• _YOUR TASK_
Somewhere below, one line contains "ปิดค่ายมหาศักดิ์พลเสพ ทหารติดโควิดกว่าร้อย ปิดค่ายมหาศักดิ์พลเสพ" and a later line contains "Конструктор LEGO Super". Output those two lines and everything between them exactly, and nothing else.

++++

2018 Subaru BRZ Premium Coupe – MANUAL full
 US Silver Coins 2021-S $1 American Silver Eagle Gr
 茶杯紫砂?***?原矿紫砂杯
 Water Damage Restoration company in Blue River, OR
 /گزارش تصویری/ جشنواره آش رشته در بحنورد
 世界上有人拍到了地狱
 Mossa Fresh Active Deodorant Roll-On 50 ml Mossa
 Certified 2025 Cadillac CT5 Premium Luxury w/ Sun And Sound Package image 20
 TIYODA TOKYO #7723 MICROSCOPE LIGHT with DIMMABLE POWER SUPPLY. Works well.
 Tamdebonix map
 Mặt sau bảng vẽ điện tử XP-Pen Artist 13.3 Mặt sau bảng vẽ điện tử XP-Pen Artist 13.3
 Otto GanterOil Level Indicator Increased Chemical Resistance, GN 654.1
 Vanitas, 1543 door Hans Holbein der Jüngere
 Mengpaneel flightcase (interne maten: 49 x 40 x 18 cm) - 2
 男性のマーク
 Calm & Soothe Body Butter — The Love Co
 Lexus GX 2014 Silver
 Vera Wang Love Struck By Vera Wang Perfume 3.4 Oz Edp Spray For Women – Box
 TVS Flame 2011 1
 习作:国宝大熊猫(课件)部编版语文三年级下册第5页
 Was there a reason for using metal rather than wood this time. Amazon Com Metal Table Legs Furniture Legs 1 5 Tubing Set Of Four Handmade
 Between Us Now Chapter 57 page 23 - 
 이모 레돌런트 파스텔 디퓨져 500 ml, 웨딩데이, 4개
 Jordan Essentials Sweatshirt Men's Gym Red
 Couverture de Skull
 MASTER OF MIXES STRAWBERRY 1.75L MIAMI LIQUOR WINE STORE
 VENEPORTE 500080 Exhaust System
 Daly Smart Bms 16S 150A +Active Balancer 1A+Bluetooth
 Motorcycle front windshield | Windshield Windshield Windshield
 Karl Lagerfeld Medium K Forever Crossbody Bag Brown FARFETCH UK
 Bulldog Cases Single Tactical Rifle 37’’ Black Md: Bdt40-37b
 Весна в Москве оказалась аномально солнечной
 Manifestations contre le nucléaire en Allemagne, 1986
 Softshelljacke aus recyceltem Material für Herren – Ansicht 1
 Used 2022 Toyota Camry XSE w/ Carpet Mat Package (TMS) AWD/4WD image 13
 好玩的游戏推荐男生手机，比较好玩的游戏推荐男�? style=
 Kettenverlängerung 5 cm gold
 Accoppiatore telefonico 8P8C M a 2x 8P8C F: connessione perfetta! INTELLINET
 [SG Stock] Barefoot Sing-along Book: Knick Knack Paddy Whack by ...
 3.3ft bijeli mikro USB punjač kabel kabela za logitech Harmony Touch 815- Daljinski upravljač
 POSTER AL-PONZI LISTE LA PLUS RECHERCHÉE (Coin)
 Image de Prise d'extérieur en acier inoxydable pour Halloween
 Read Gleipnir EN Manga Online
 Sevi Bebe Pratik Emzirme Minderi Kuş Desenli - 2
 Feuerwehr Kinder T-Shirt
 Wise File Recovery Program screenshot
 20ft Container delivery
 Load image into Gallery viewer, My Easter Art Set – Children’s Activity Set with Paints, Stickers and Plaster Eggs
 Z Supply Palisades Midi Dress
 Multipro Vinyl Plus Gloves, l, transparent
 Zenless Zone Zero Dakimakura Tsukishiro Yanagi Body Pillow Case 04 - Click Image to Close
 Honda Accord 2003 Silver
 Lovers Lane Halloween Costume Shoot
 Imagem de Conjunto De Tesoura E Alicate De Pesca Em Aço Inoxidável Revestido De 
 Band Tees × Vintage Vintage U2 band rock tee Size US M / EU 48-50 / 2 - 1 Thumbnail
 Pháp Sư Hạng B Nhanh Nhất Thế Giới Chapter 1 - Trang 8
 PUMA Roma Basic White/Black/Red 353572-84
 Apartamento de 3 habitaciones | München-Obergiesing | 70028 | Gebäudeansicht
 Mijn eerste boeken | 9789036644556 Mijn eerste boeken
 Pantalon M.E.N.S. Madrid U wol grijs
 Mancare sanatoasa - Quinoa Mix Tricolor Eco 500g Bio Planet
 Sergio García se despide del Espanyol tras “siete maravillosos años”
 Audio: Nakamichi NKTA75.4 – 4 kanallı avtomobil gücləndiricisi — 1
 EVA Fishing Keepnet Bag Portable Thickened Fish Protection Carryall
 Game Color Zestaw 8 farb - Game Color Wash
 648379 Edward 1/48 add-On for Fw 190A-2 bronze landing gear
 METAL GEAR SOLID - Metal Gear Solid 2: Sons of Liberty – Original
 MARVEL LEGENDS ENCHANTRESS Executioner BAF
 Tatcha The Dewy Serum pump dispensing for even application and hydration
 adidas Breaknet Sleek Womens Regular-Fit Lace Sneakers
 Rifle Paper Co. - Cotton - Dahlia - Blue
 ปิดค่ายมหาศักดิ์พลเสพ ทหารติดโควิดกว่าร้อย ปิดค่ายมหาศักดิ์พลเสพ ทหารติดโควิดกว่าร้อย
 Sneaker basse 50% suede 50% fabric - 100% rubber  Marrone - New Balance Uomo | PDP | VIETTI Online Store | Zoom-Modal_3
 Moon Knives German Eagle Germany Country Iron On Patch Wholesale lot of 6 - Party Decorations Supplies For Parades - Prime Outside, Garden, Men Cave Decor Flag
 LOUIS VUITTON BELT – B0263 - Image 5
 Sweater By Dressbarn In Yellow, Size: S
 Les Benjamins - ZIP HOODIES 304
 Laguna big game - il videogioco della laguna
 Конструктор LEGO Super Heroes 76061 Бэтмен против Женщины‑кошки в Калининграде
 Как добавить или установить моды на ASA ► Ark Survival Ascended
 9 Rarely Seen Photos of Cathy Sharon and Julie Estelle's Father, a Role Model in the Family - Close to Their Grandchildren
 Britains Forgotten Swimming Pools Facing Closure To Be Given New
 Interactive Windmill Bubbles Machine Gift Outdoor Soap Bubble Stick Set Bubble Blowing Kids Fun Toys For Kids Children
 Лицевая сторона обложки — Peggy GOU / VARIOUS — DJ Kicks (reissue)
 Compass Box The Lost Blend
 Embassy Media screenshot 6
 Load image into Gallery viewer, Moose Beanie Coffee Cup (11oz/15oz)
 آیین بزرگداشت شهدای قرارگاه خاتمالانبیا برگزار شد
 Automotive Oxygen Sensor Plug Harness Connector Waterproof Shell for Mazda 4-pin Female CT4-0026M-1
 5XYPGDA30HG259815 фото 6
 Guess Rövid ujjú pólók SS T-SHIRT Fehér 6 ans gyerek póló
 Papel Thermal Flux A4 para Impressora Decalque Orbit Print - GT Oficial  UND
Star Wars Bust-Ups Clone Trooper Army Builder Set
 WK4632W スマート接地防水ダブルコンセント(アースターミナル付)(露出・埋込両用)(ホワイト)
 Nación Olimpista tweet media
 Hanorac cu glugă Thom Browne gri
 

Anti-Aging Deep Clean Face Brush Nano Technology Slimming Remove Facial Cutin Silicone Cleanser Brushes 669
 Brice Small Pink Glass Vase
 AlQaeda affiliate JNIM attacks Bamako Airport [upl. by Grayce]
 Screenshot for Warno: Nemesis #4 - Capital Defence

++++

• _PROBLEM SOLUTION_
 ปิดค่ายมหาศักดิ์พลเสพ ทหารติดโควิดกว่าร้อย ปิดค่ายมหาศักดิ์พลเสพ ทหารติดโควิดกว่าร้อย
 Sneaker basse 50% suede 50% fabric - 100% rubber  Marrone - New Balance Uomo | PDP | VIETTI Online Store | Zoom-Modal_3
 Moon Knives German Eagle Germany Country Iron On Patch Wholesale lot of 6 - Party Decorations Supplies For Parades - Prime Outside, Garden, Men Cave Decor Flag
 LOUIS VUITTON BELT – B0263 - Image 5
 Sweater By Dressbarn In Yellow, Size: S
 Les Benjamins - ZIP HOODIES 304
 Laguna big game - il videogioco della laguna
 Конструктор LEGO Super Heroes 76061 Бэтмен против Женщины‑кошки в Калининграде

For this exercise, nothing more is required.